With standard processing, these concepts along with the keywords, appear in the Index section of the manual constructed by devtools::build_manual(). In the pkgdown site for this package, they are also searchable in the search box.

With a bit of extra processing, I created a dataset datasets.csv used below.

How this is done is described in this StackExchange question. The first step is to extract the concept tags from the man/*.Rd files:

concepts <- readLines(pipe("grep concept man/*.Rd")) %>%
  grep("concept{", ., fixed = TRUE, value = TRUE) %>% 
  read.table(text = ., sep = "{", comment.char = "}", 
    col.names = c("dataset", "tags")) %>%
  separate(dataset, c(NA, "dataset"), extra = "drop") %>%
  summarize(tags = paste(tags, collapse = " "), .by = dataset) %>%
  arrange(dataset)

head(concepts)

Then, I use vcdExtra::datasets() to extract title and other information for the datasets in the package, munge the result and left_join() with concepts:

dsets <- vcdExtra::datasets("heplots")[, c("Item", "dim", "Title")]     
rowcols <- as.data.frame(stringr::str_split_fixed(dsets$dim,"x", 2))
colnames(rowcols) <- c("rows", "cols")

dsets <- cbind(dsets, rowcols) |>
  rename(dataset = Item) |>
  select(-dim) |>
  relocate(c(rows, cols), .after=dataset) |>
  left_join(concepts, by = "dataset")

For use in pkgdown documentation, I also turn the name of the dataset into a hyperlink to the documentation.

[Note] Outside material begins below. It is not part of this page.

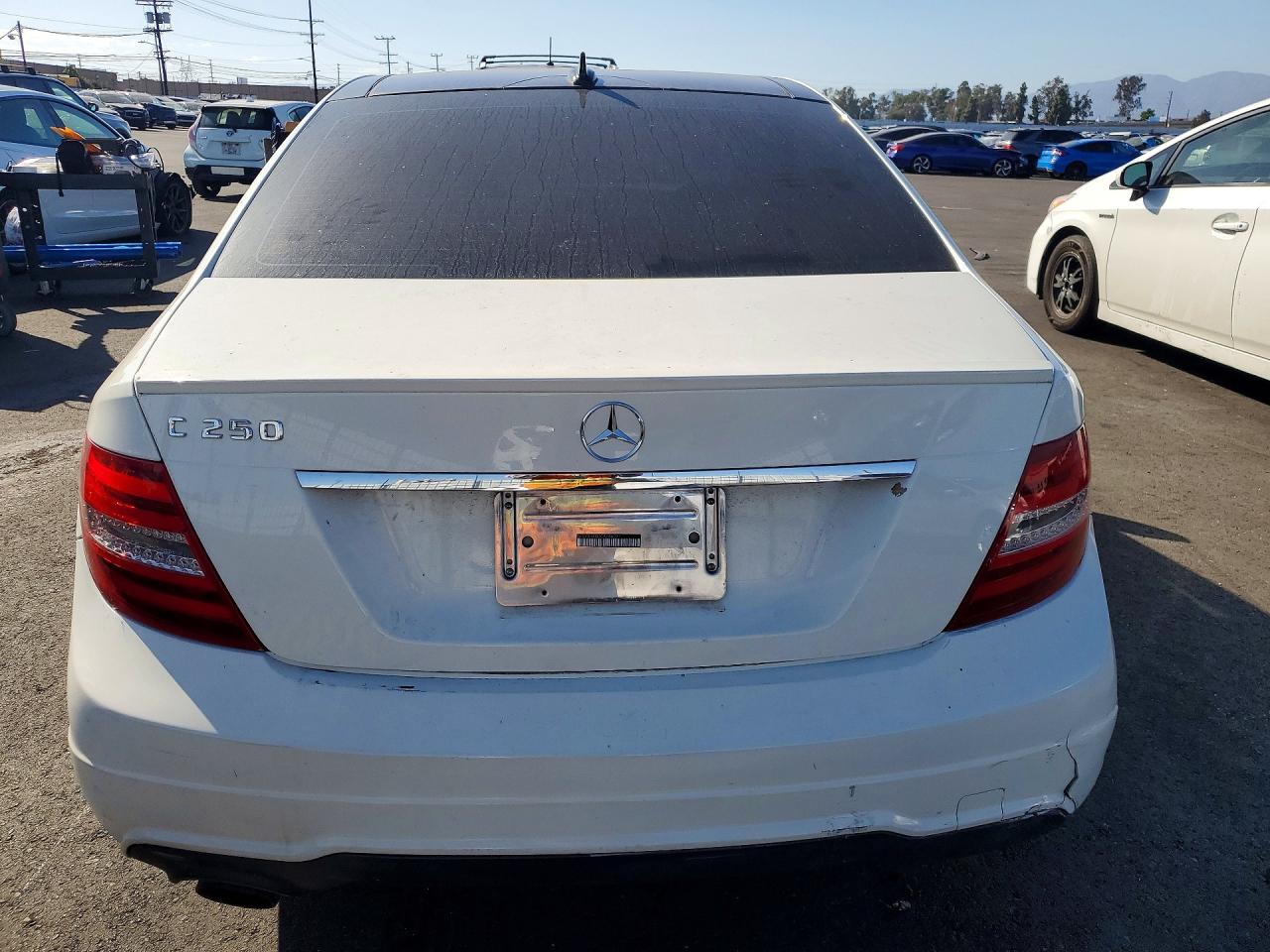 2012 MERCEDES-BENZ C-CLASS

refurl <- "http://friendly.github.io/candisc/reference/"

dsets <- dsets |>
  mutate(dataset = glue::glue("[{dataset}]({refurl}{dataset}.html)"))

Methods

The main methods used in the example datasets are shown in the table below:

MANOVA: Multivariate analysis of variance
MANCOVA: Multivariate of covariance
MMRA: Multivariate multiple regression
cancor: Canonical correlation (using the candisc package)
candisc: Canonical discriminant analysis (using candisc)
repeated: Repeated measures designs, analyzed from the multivariate perspective
robust: Robust estimation of MLMs

In addition, a few examples illustrate special handling for linear hypotheses concerning factors:

ordered: ordered factors
contrasts: other contrasts

The dataset names are linked to the documentation with graphical output on the pkgdown website, [http://friendly.github.io/heplots/].

Dataset table

library(here)
library(dplyr)
library(tinytable)
#dsets <- read.csv(here::here("extra", "datasets.csv"))  # doesn't work in a vignette
dsets <- read.csv("https://raw.githubusercontent.com/friendly/heplots/master/extra/datasets.csv")
dsets <- dsets |> 
  dplyr::select(-X) |> 
  arrange(tolower(dataset))

# link dataset to pkgdown doc
refurl <- "http://friendly.github.io/heplots/reference/"

dsets <- dsets |>
  mutate(dataset = glue::glue("[{dataset}]({refurl}{dataset}.html)")) 

#knitr::kable(dsets)
tinytable::tt(dsets)  |> format_tt(markdown = TRUE)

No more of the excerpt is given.